7. Aux termes de l'article L. 1233-57-5 du code du travail : " Toute demande tendant, avant transmission de la demande de validation ou d'homologation, à ce qu'il soit enjoint à l'employeur de fournir les éléments d'information relatifs à la procédure en cours ou de se conformer à une règle de procédure prévue par les textes législatifs, les conventions collectives ou un accord collectif est adressée à l'autorité administrative. Celle-ci se prononce dans un délai de cinq jours ". Aux termes de l'article L. 1233-57-6 du même code : " L'administration peut, à tout moment en cours de procédure, faire toute observation ou proposition à l'employeur concernant le déroulement de la procédure ou les mesures sociales prévues à l'article L. 1233-32. Elle envoie simultanément copie de ses observations au comité social et économique et, lorsque la négociation de l'accord visé à l'article L. 1233-24-1 est engagée, le cas échéant aux organisations syndicales représentatives dans l'entreprise. / L'employeur répond à ces observations et adresse copie de sa réponse aux représentants du personnel et, le cas échéant, aux organisations syndicales ". Enfin, selon l'article L. 1233-57-4, l'autorité administrative notifie à l'employeur la décision de validation dans un délai de quinze jours à compter de la réception de l'accord collectif. Aux termes de l'article D. 1233-14-1 du même code : " Le délai prévu à l'article L. 1233-57-4 court à compter de la réception par le directeur régional des entreprises, de la concurrence, de la consommation, du travail et de l'emploi du dossier complet. / Le dossier est complet lorsqu'il comprend les informations permettant de vérifier le contenu du plan de sauvegarde de l'emploi, les modalités d'information et de consultation du comité social et économique, la pondération et le périmètre d'application des critères d'ordre des licenciements, le calendrier des licenciements, le nombre de suppressions d'emploi et les catégories professionnelles concernées, et les modalités de mise en œuvre des mesures de formation, d'adaptation et de reclassement et, lorsqu'un accord est conclu en application de l'article L. 1233-24-1, les informations relatives à la représentativité des organisations syndicales signataires (...) ".
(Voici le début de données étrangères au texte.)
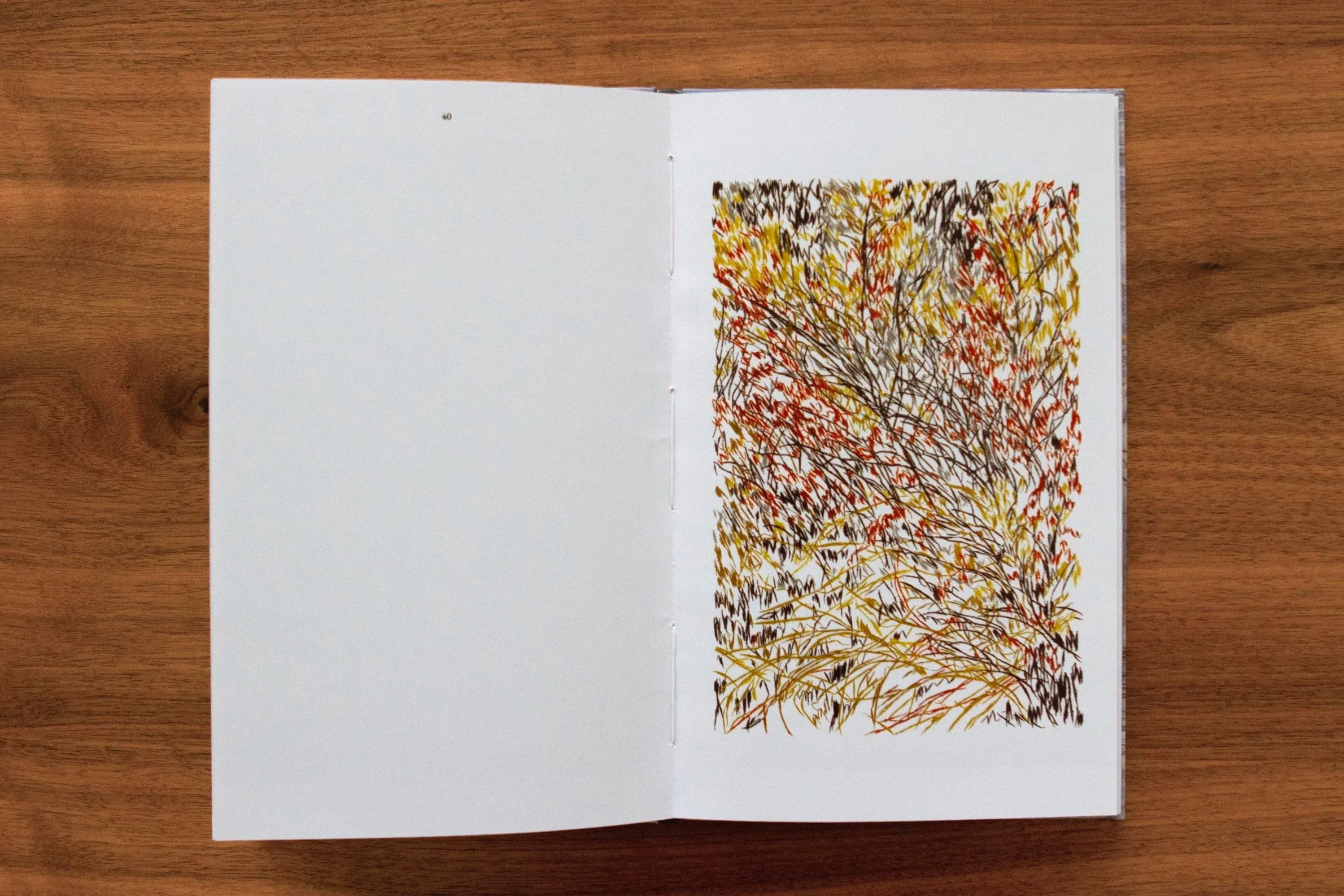Open sketchbook on a wooden surface, displaying an abstract, colorful drawing with zigzag and scribble patterns in yellow, red, brown, and black. Artist Book  María Jesús Valenzuela Vittini. Bordado en papel.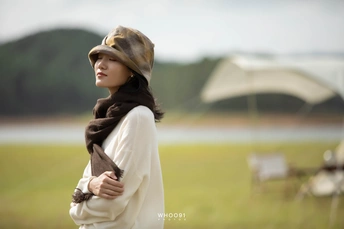 一位戴帽子和围巾的年轻女子站在田野中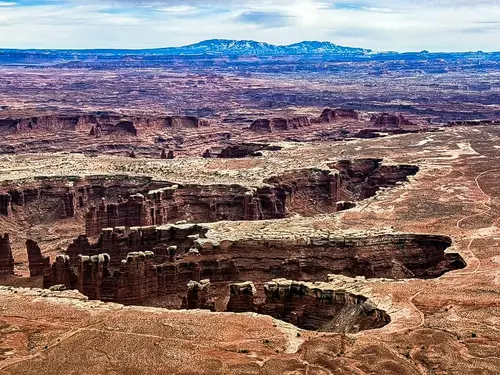 Panoramic view of the vast, rugged landscape of Canyonlands National Park, showcasing deep canyons, rock formations, and distant mountains under a cloudy sky.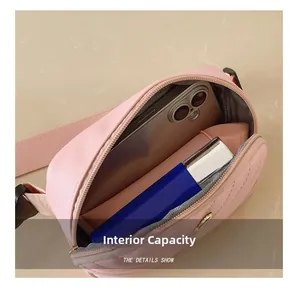 Pink mini crossbody bag interior capacity showing a smartphone and lipstick inside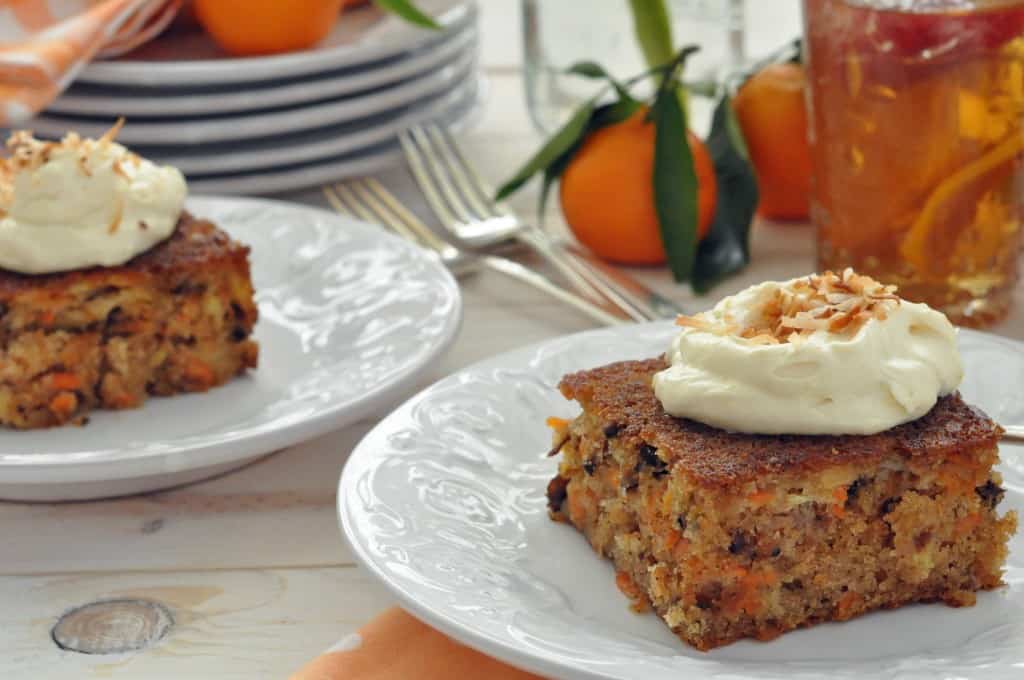 Two white plates with carrot cake squares on them.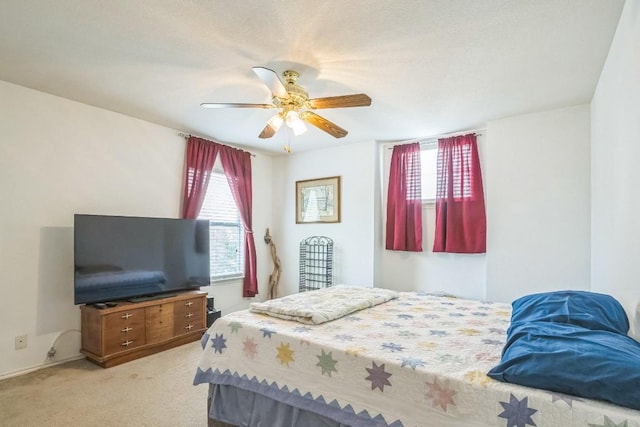 101 Cannery Cv, Leander, TX 78641 - bedroom with carpet flooring and a ceiling fan
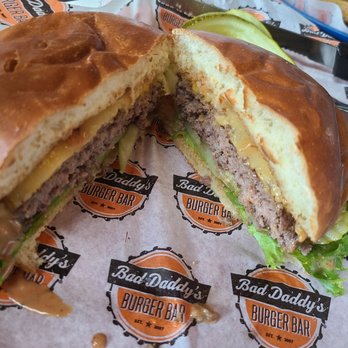 Bad Daddy's Burger Bar - Create your own burger with 7 oz patty, American and smoked gouda, lettuce and extra pickles. - Burgers Near Me - Decatur, Georgia Bad Daddy's Burger Bar - Create your own burger with 7 oz patty, American and smoked gouda, lettuce and extra pickles. - Burgers Near Me - Decatur, Georgia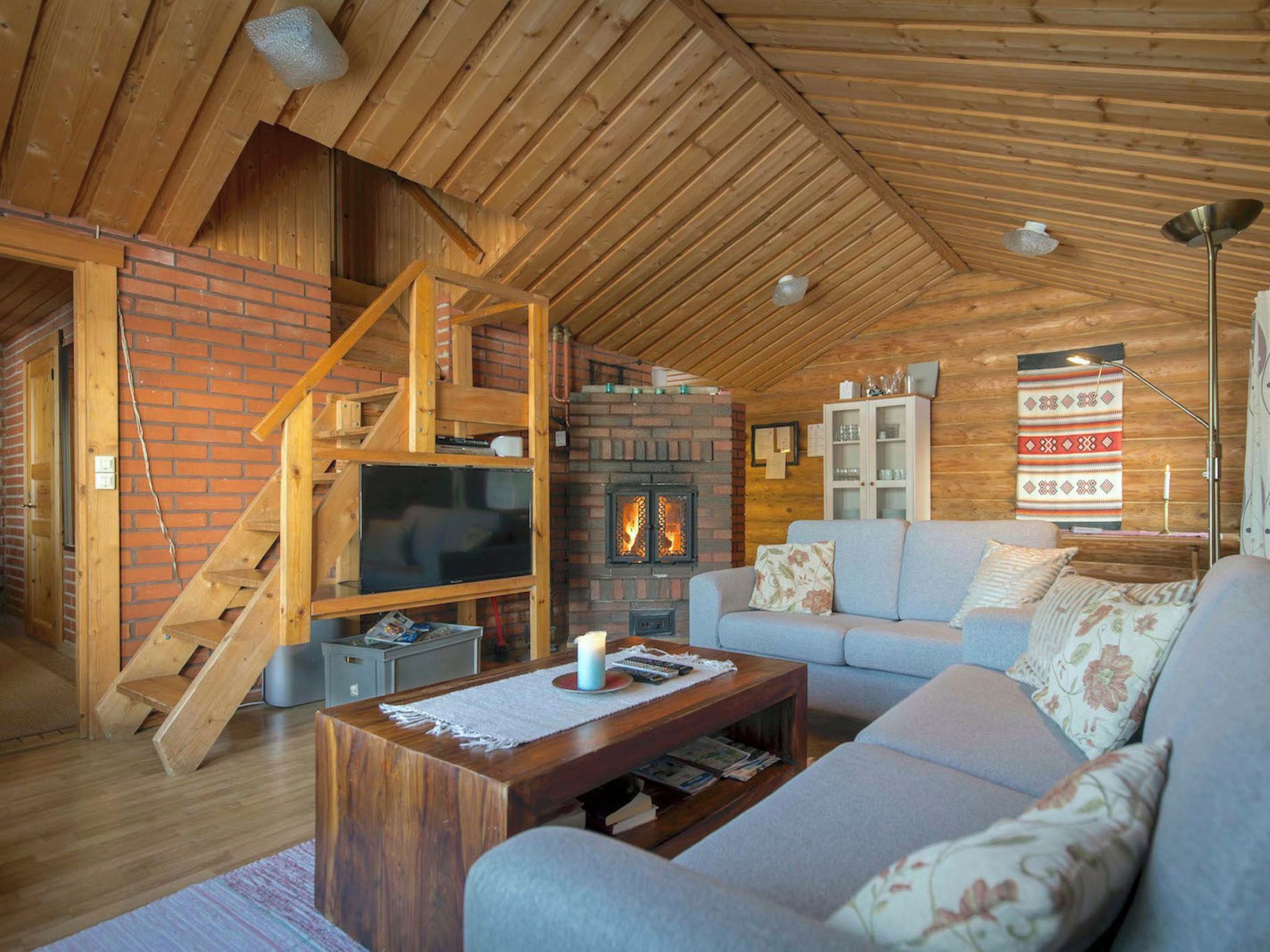 Una sala de estar acogedora con chimenea, televisor, sofá y escalera.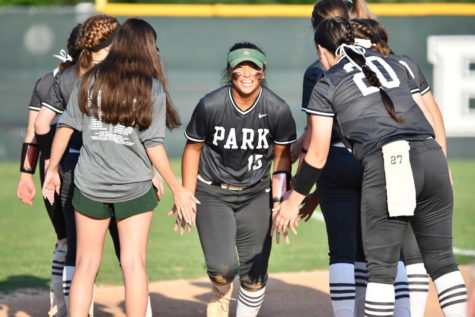 Senior Taysia Constantino runs to the field through a tunnel of teammates during pregame introductions.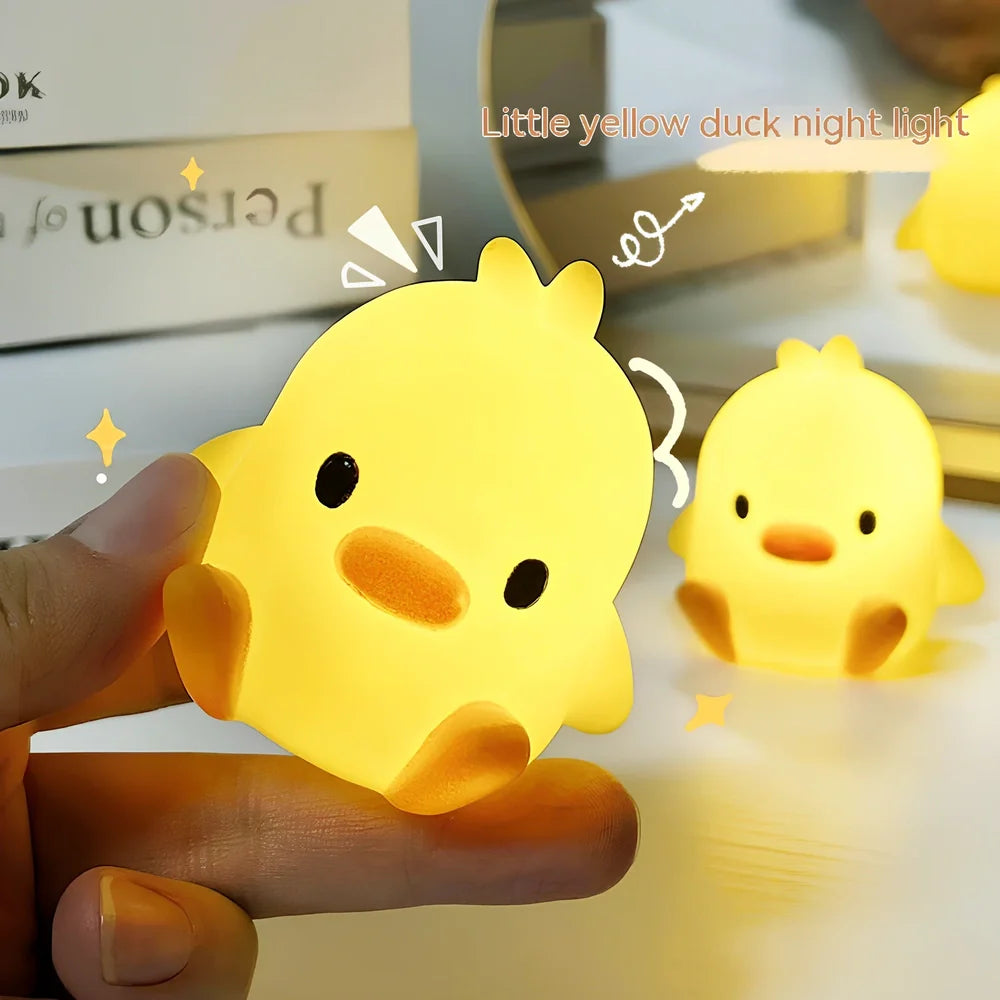 Small yellow duck-shaped night lamp measuring 6cm tall with warm LED light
8. Il résulte de ces dispositions que l'autorité administrative peut, durant la procédure d'élaboration d'un plan de sauvegarde de l'emploi, d'une part, adresser des observations et des propositions à l'employeur concernant le déroulement de cette procédure ou les mesures sociales prévues à l'article L. 1233-32 du code du travail qui sont en outre communiquées au comité social et économique et, lorsque la négociation de l'accord est engagée, aux organisations syndicales représentatives, d'autre part, enjoindre à l'employeur de fournir des informations, telles celles relatives aux conséquences de la réorganisation en matière de santé, de sécurité ou de conditions de travail des travailleurs et, en présence de telles conséquences, aux actions arrêtées pour les prévenir et en protéger les travailleurs.

2°) Au moment de la validation de l'accord collectif majoritaire fixant le plan de sauvegarde de l'emploi d'une entreprise :

9. Il résulte des dispositions citées aux points 2 à 4 que lorsqu'elle est saisie par un employeur d'une demande de validation d'un accord collectif majoritaire conclu en application de l'article L. 1233-24-1 du code du travail et fixant le contenu d'un plan de sauvegarde de l'emploi, il appartient à l'autorité administrative, en application de l'article L. 1233-57-3 du même code, de s'assurer, sous le contrôle du juge de l'excès de pouvoir, seul compétent, que la procédure d'information et de consultation des institutions représentatives du personnel a été régulière et que cet accord et le plan de sauvegarde de l'emploi dont il fixe le contenu sont conformes aux exigences résultant des dispositions législatives et des stipulations conventionnelles qui les régissent et qui sont mentionnées à cet article.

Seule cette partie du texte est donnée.